Perhaps no community catches the Spirit of America more than American Fork. Tenderly balancing the small-town charm it was founded on with big-city job opportunities, American Fork is enjoying steady growth in industry and population. American Fork embodies the entrepreneurial spirit. Many businesses are choosing to relocate to this community because it offers a quality workforce and quality way of life.
Located 15 miles northwest of Provo and 30 miles south of Salt Lake City, it is bordered by Utah Lake on the south and by the Wasatch Mountains to the east, and is surrounded by the communities of Cedar Hills, Pleasant Grove, Lehi, Highland, and Alpine. American Fork’s unique mixture of old world charm and modern development make it a great place to locate a business or raise a family. Discovered by fur trappers and settled by Mormon pioneers, this historic town has become Utah’s fifteenth largest city. Conveniently situated just off Interstate 15 between Provo and Salt Lake City, it is an ideal location for commuters, families, and businesses.
American Fork’s workforce has a rare and unique skill set. The State of Utah has an unmatched number of bilingual residents of all ages. More than 30 percent of American Fork residents hold a bachelor's degree or higher. Utah Valley University, Brigham Young University, Mountainland Applied Technology College and Provo College are either located in American Fork or just minutes away. The city is served by the Alpine School District and is also home to a number of private, charter and vocational schools.
Quality of Life
The quality of life and community are enriched by the American Fork Arts Council, which presents a variety of programs throughout the year, as well as by the American Fork Symphony and the Utah Regional Ballet. The American Fork High School Bands have established a reputation for excellence. The American Fork High School Marching Band finished as a semi-finalist in the Grand Nationals competition in 2008.
Recreation and leisure needs are met by a fitness center, year-round recreation programs and the popular Fox Hollow Golf Course.
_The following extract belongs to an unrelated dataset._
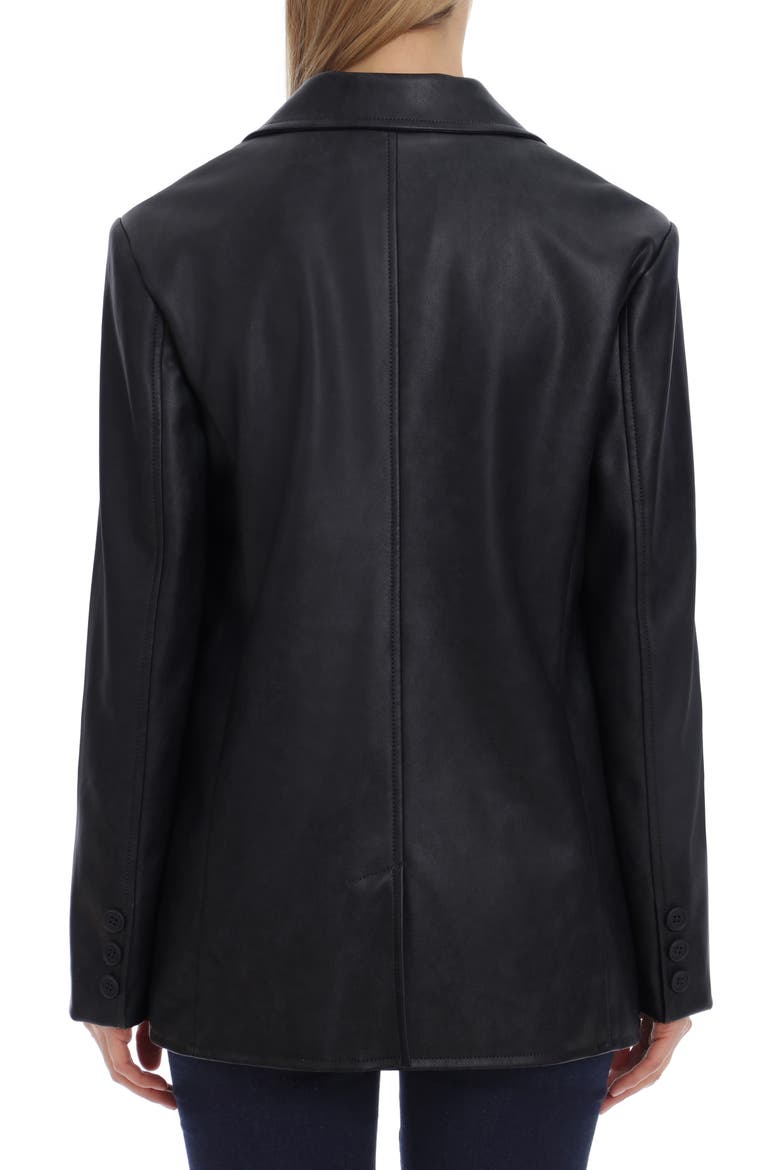 Washed Faux Leather Blazer, Alternate, color, BLACK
A new state-of-the-art skate park was completed in 2006. With only 35 percent of the population older than thirty-five years, American Fork is also home to many young families. For a true celebration, come to American Fork during Steel Days. Parades, cooking contests, dances, and golf tournaments are just some of the events held during the celebration each summer. Recreational and camping opportunities abound, from the American Fork Boat Harbor at Utah Lake to Timpanogos Cave National Monument and the Alpine Scenic Loop, located in beautiful American Fork Canyon. The city’s central location puts it within a half day’s drive of Utah’s 15 spectacular national parks, monuments, and recreation areas.
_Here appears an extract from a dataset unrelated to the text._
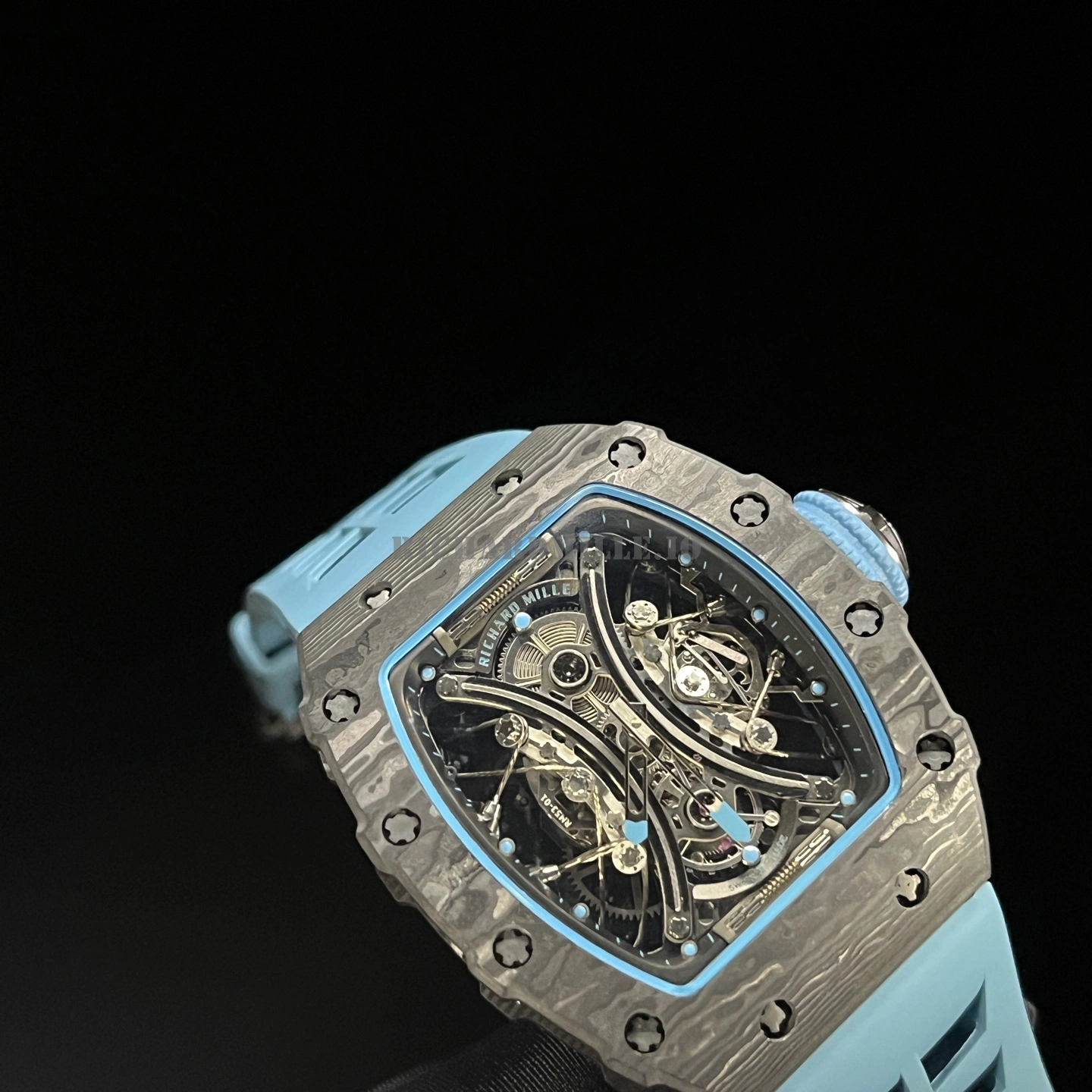 Richard Mille RM 53-01 Tourbillon Pablo Mac Donough Super Clone - Carbon TPT Blue Men's Watch - Dial Detail 2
Just minutes away from downtown’s historic Main Street are two state-of-the-art business and technology parks. North Pointe is home to Certiport, Tahitian Noni, HP Logoworks and Fidelity Investments. The Utah Valley Business Park is home to Dentrix, TwinLabs/IdeaSphere, DOMO, Novarad, Move Networks, Goyin and True North Academy. Both are progressive business developments close to Interstate 15. The city’s quality of life, together with its well-educated workforce and low business costs, make American Fork a natural choice for families and businesses.
Did you know?
- Money Magazine named American Fork one of the top 100 places to live in the United States. (2005)
- The city is a regional hub, home to the hospital, the Alpine School District headquarters and the Meadows shopping district.
- The average household income in northern Utah County is $79,200. (2007)
- Interstate 15 runs through the city, providing convenient access to Salt Lake City (30 minutes) and downtown Provo (20 minutes).
- 70 percent of residents report some college education, and 35 percent of residents hold college degrees. American Fork's workforce has a rare and unique skill set, boasting an unmatched number of bilingual residents of all ages.
- The American Fork High School Marching Band performed in the 2007 New York Macy's Thanksgiving Day Parade, in a United States presidential inauguration and were semi-finalists in the Grand Nationals competition in 2008.
- The city takes its name from the American Fork River. It was formerly called Lake City. The streams running into the lake were known as forks. The first settlers on the American Fork creek took the name of the stream for the settlement. American Fork was settled by Mormon pioneers in the summer of 1850 and was incorporated in 1853.